▸ What to do
Filter out every line below that lacks "lots", and copy the rest.

▸ Dataset content
================================
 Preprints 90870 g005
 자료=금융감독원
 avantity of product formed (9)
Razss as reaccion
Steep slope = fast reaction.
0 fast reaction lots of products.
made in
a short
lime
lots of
================================
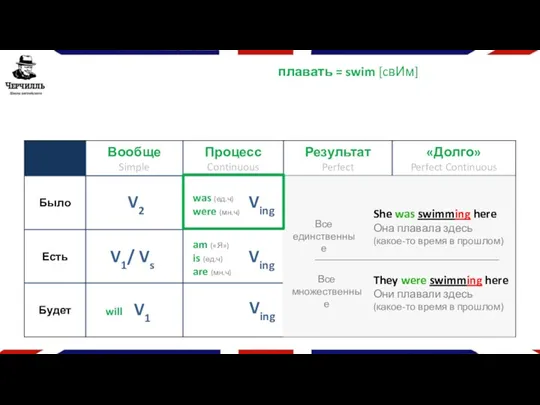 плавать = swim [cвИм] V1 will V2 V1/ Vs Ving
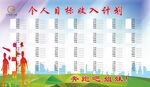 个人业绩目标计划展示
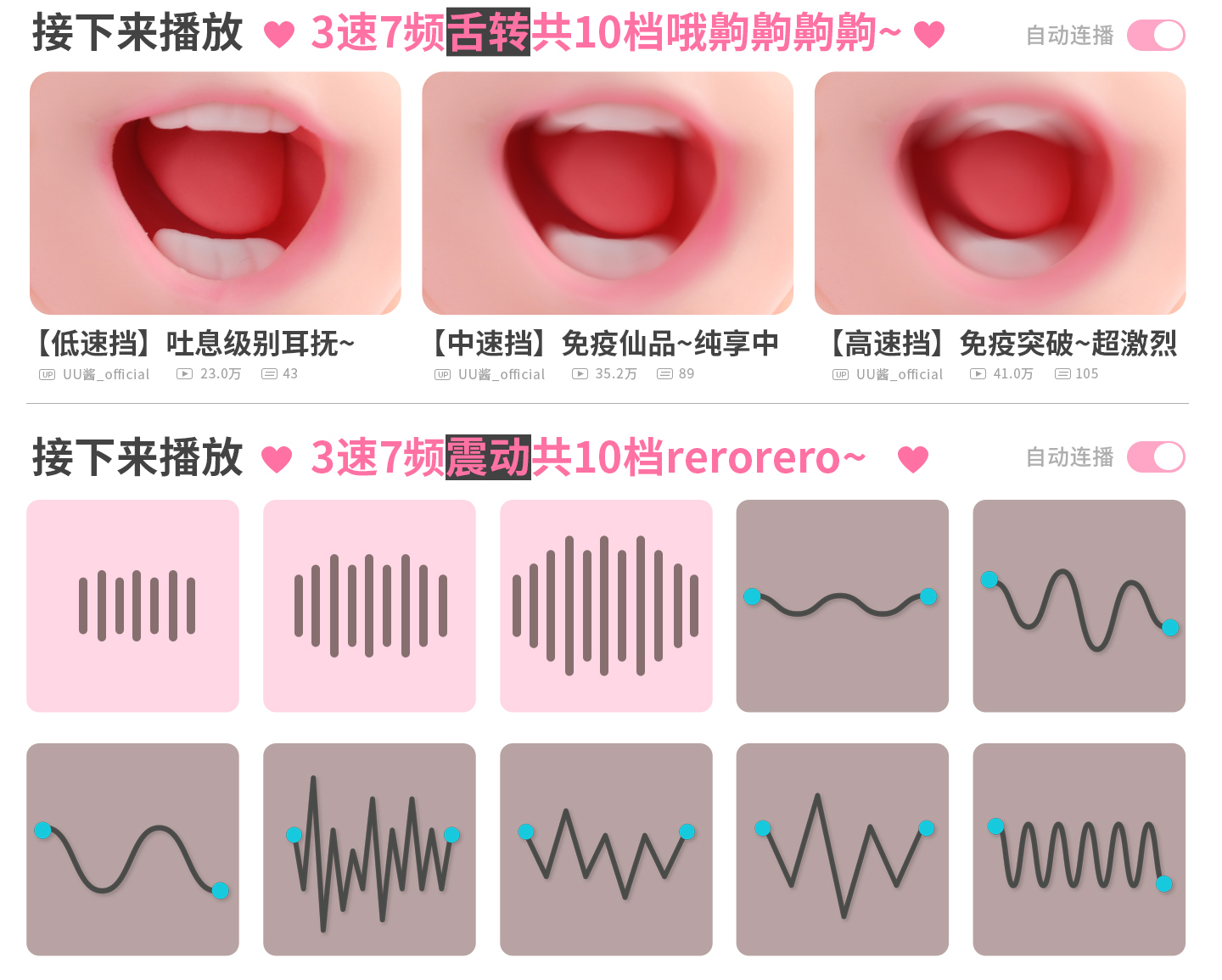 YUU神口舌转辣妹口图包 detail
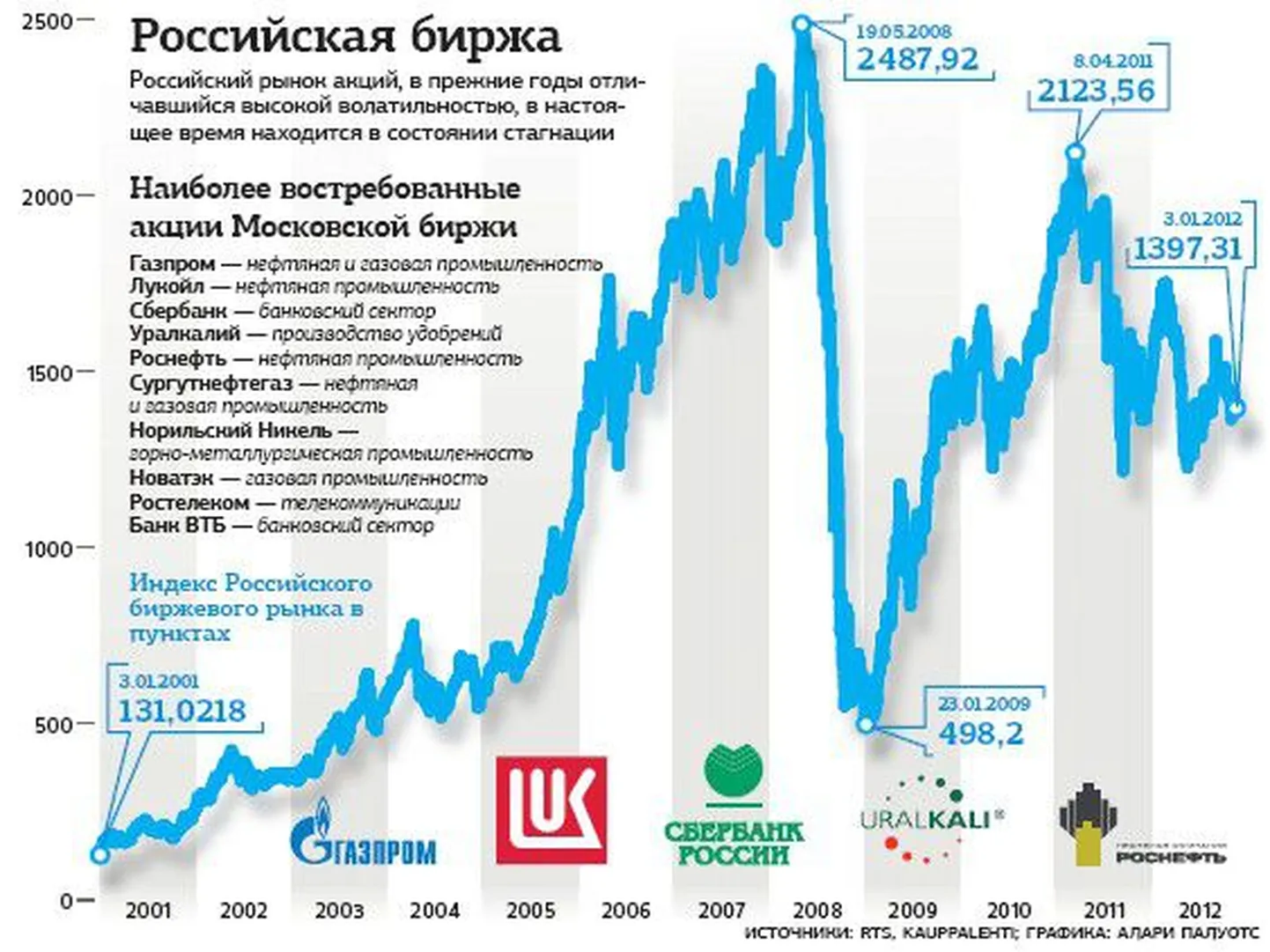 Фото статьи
================================
▸ Response
0 fast reaction lots of products.
lots of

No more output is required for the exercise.